## Task to complete
The required output is the exact run of lines in the listing below from the line holding "Coach Yourself to Success, átdolgozott" through the line holding "[Reddit User] −", with no pictures.

------ Supplied records ------

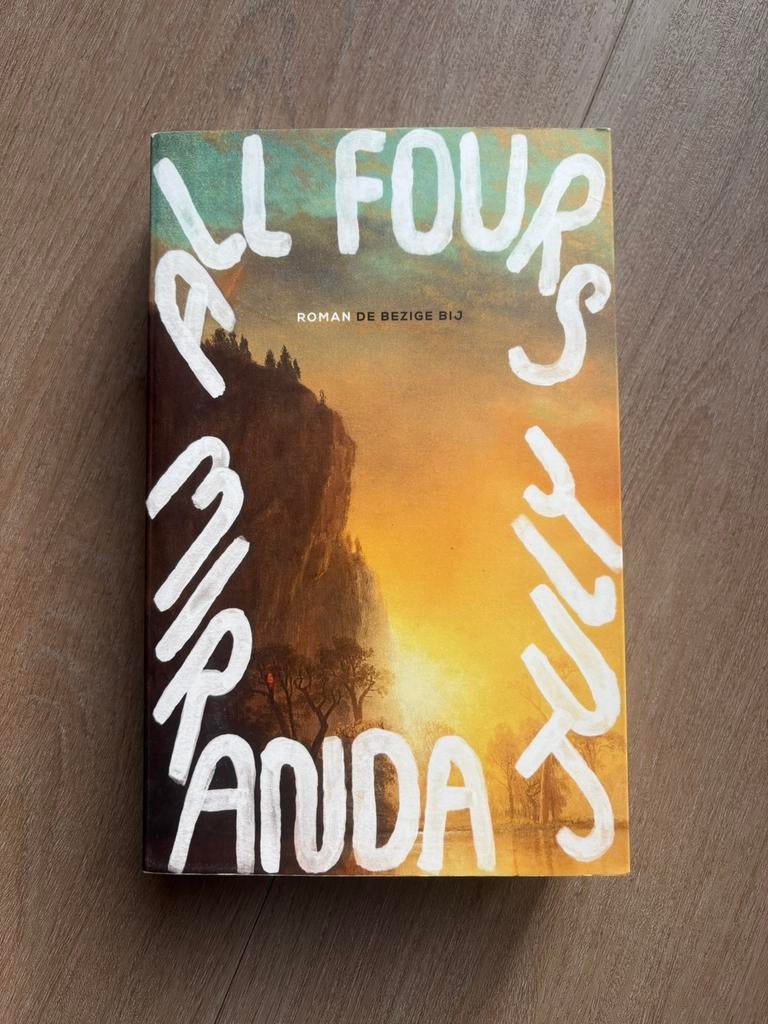 All Fours - Miranda July (Nederlandstalig, paperback), Boeken, Romans, Ophalen of Verzenden, Zo goed als nieuw
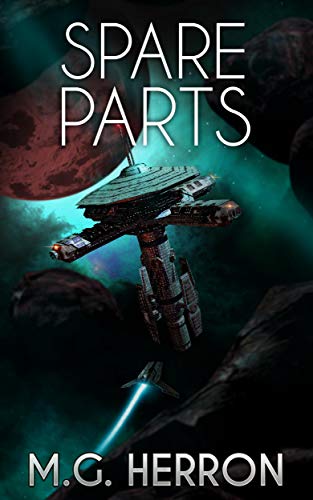 Spare Parts: An Intergalactic Space Opera Adventure
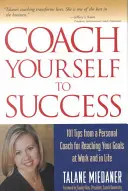 Coach Yourself to Success, átdolgozott és frissített kiadás - Coach Yourself to Success, Revised and Updated Edition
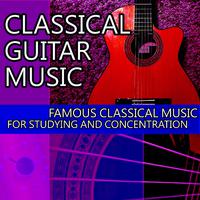 Classical Guitar Music: Famous Classical Music for Studying and Concentration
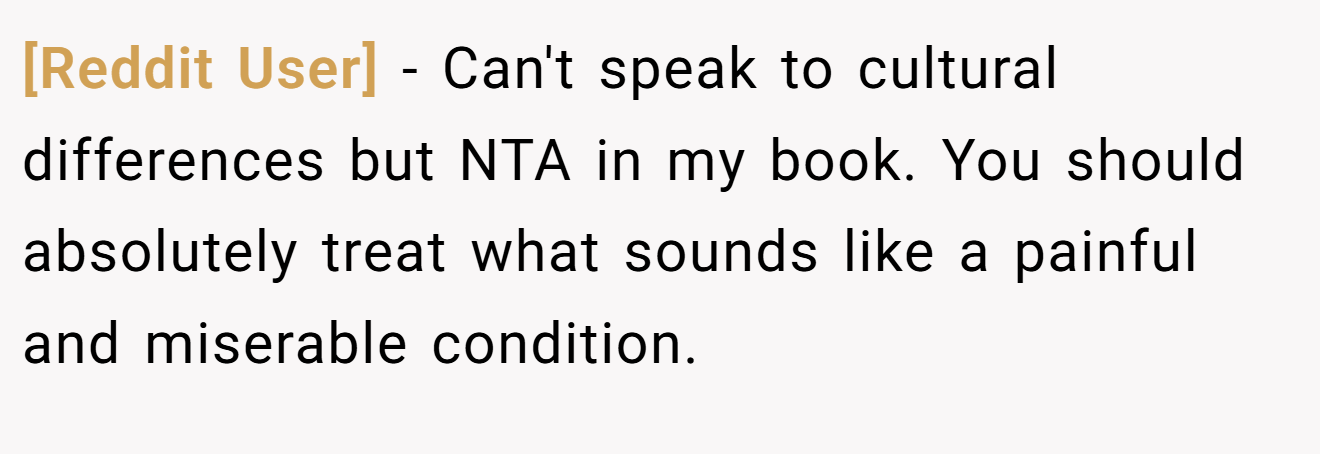 [Reddit User] − Can't speak to cultural differences but NTA in my book. You should absolutely treat what sounds like a painful and miserable condition.
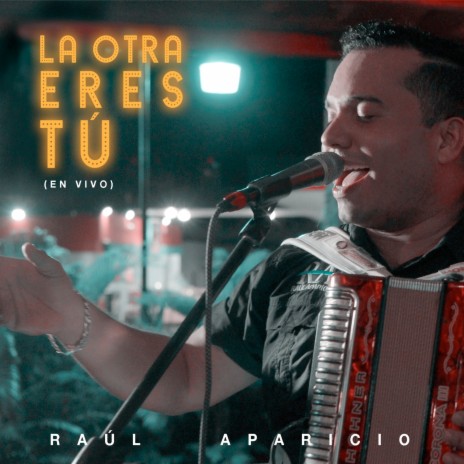 La Otra Eres Tú (En Vivo) | Boomplay Music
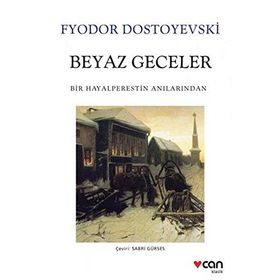BEYAZ GECELER - FYODOR MIHAYLOVIÇ DOSTOYEVSKI (ISBN:9789756446331)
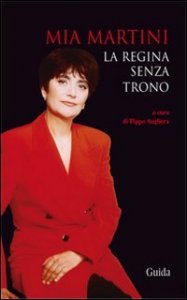Mia Martini - La regina senza trono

------

## Response to this exercise
 Coach Yourself to Success, átdolgozott és frissített kiadás - Coach Yourself to Success, Revised and Updated Edition
 Classical Guitar Music: Famous Classical Music for Studying and Concentration
 [Reddit User] − Can't speak to cultural differences but NTA in my book. You should absolutely treat what sounds like a painful and miserable condition.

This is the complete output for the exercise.